A trading post, trading station, or trading house, also known as a factory in European and colonial contexts, is an establishment or settlement where goods and services could be traded.
Typically a trading post allows people from one geographic area to exchange for goods produced in another area. Usually money is not used. The barter that occurs often includes an aspect of haggling. In some examples, local inhabitants can use a trading post to exchange what they have (such as locally-harvested furs) for goods they wish to acquire (such as manufactured trade goods imported from industrialized places).[1]
Given bulk transportation costs, exchanges made at a trading post for long-distance distribution can involve items which either party or both parties regard as luxury goods.[2]

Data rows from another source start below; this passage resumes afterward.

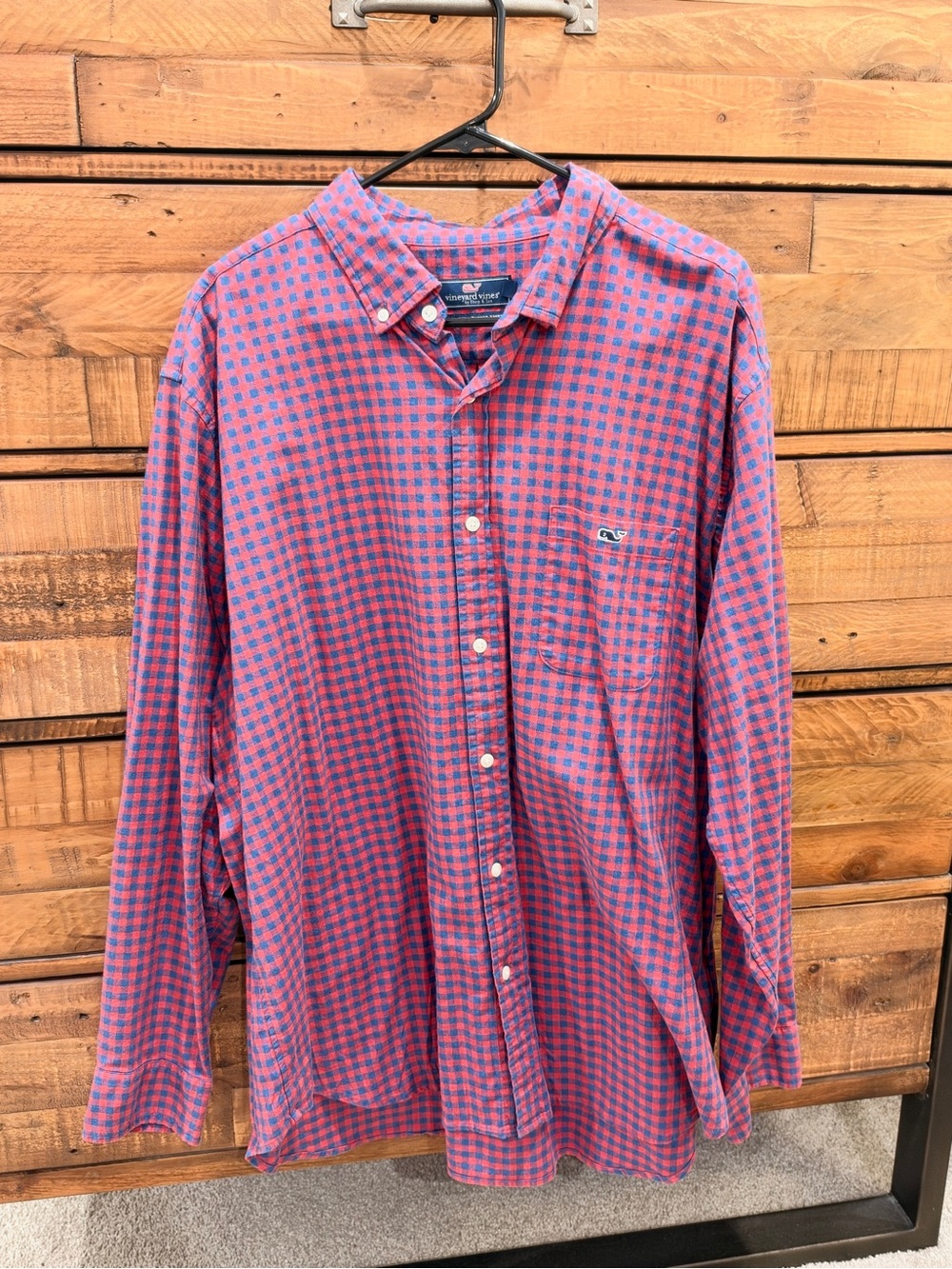 Vineyard Vines Red and Blue Check Button-Down Shirt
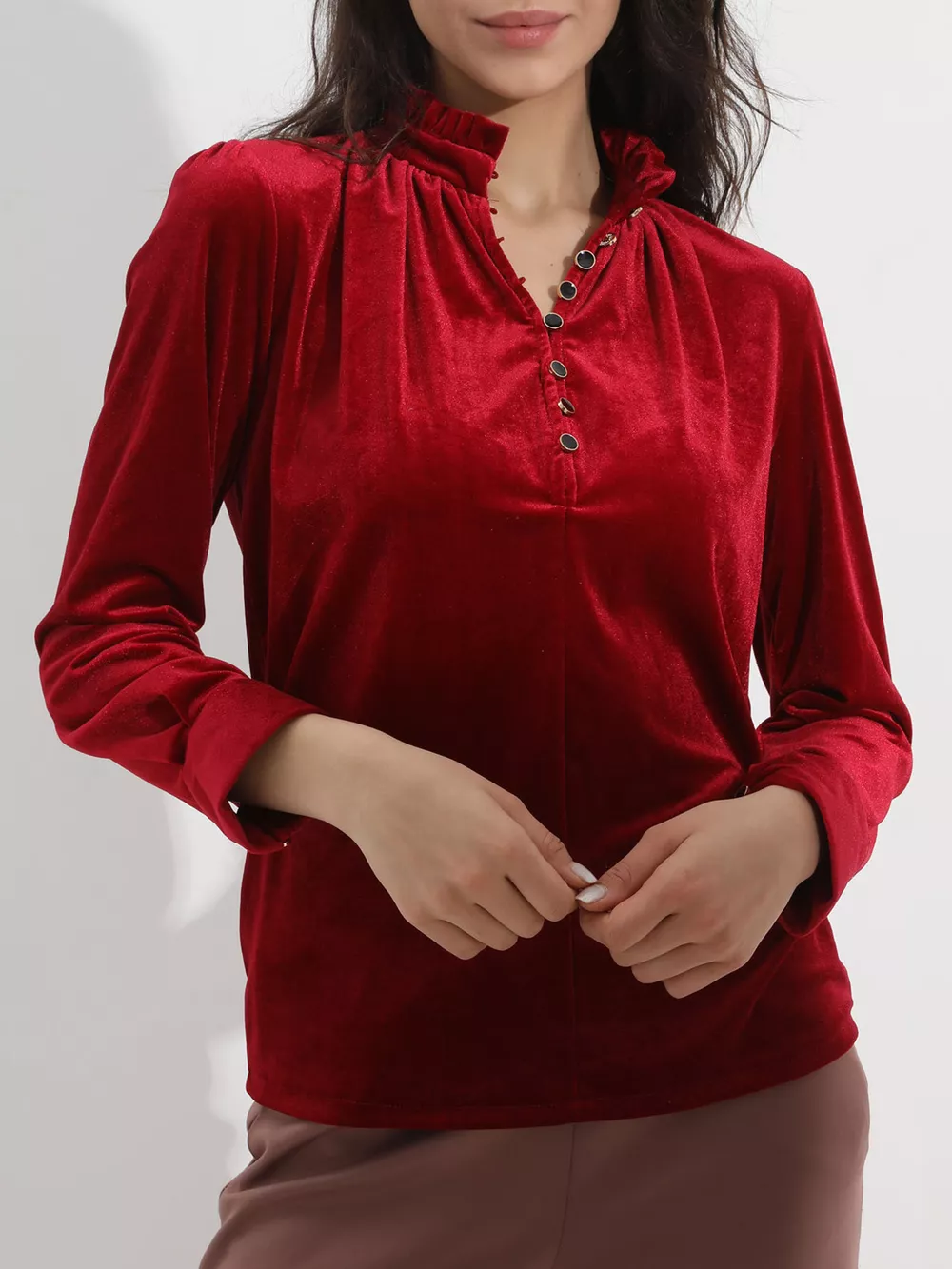Elegant Velvet Ruffle Neck Blouse, image 3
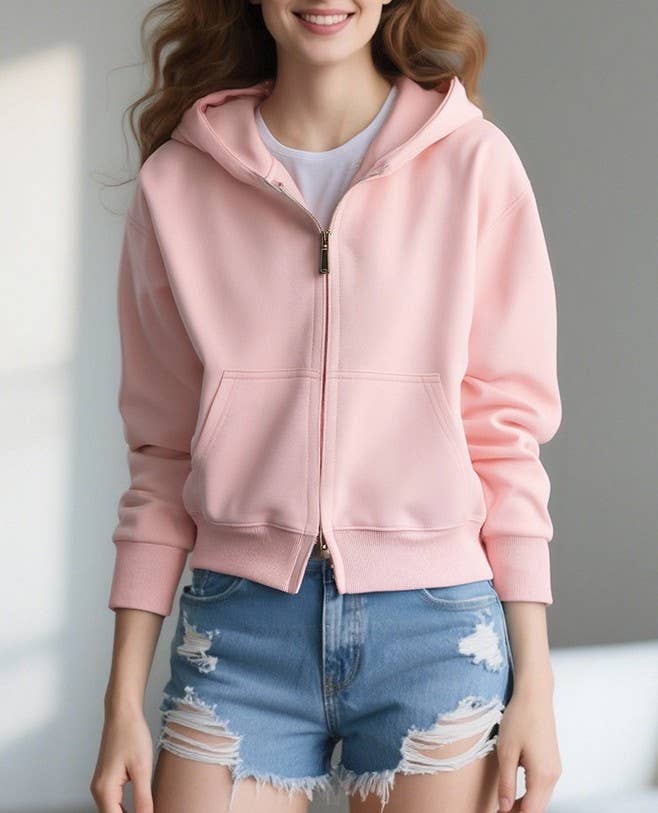Cropped Zip Up Fleece Hooded Sweatshirt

A trading post can consist either of a single building or of an entire town.[3] Trading posts have been established in a range of areas, including relatively remote ones, but most often near an ocean, a river, or another source of a natural resource.[4] A prominent geographical location and the head start provided by an early trading post ensured that trading posts feature in the history of many of today's cities, such as Timbuktu[5] and Hong Kong.[6]
Ohthere [...] also told of a journey south along the coast of Norway to the trading centre of Sciringesheal (this is most likely Kaupang in Westfold). [...] From Sciringesheal he took five days to sail to Hedeby. Kaupang was an international trading centre and Hedeby was Scandinavia's largest trading post. The purpose of the journey was no doubt to sell products from northern Scandinavia, which were considered luxury goods and would fetch a good price, and buy luxury goods which were difficult to obtain in his home area.
Nomadic Tuareg people established Timbuktu as a seasonal camp in about 1100, likely due to the location about 8 miles (13 kilometers) from the Niger River. Timbuktu developed into an important trading post along the major caravan route through the Sahara Desert and as a center for Islamic culture.
[...] as early as the nineteenth century [the Victoria Harbour] was already an important anchorage and passage for regional trading ships [...]. [...] Thereafter, Hong Kong rapidly developed into an important trading post.